SelimV commented 10 months ago

Hi and thank you for reporting.

The problem was caused by readers not properly reacting to HEARTBEAT submessages declaring unavailable data. If the writer is set to only keep the latest sample in reliable mode, after matching to the reader the first sample it tries to send is for example sequence number 8. Along with it, it sends a HEARTBEAT stating that only sample 8 is available. Now the reader should tell the topic cache, and by extension datareaders, not to expect samples before 8, but this was not done properly.

Firstly, skipping unavailable samples would make the reader only update its own value to state that samples up to 7 are not expected. Thus it would ignore the fact that it just received sample 8 making it request it again, and discard the resent sample. When receiving the sample 9, the corresponding HEARTBEAT would cause it to mark 8 as no longer expected, but at the same time as the last one received reliably, as it had already been received. This causes the first round of delay.
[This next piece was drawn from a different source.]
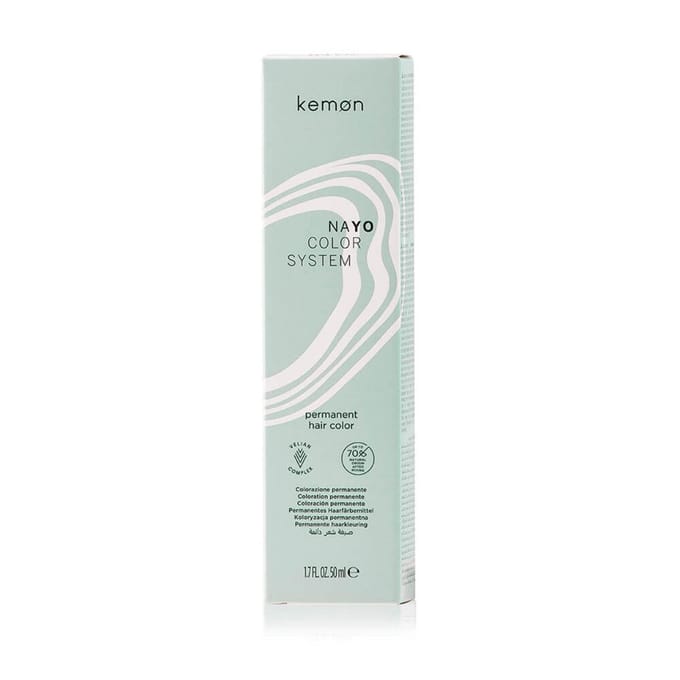 Kemon, Nayo 7.2 Haarkleur, Permanente Haarkleurstof, 9 Extra Lichtblond, 50 ml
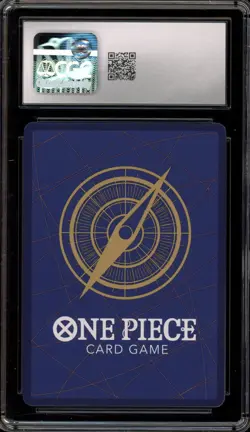 One Piece CCG Nami Emperors in the New World Alt Art Parallel OP09-050 CGC 9.5 - Image 2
Secondly, the reader would not update its own value to the topic cache when reacting to HEARTBEATs. Therefore the value indicating that 8 should be read by datareaders would be updated when DATA submessage containing sample 10 is received, causing the second round of delay.

If the writer history depth is 1, the issue caused the reader to never be up to date, and the 2 round delay would persist. If the depth is 2 or more, the missing sample 7 would be requested and handled properly, making the reader up to date, thus making the problem not appear.

It is now fixed in master with the commit 1b90316.

tot0k commented 10 months ago

Hi @SelimV,

Wow, that seems to be a tough one to analyze, I didn't go that far !

Thank you for your fast answer and for the fix :)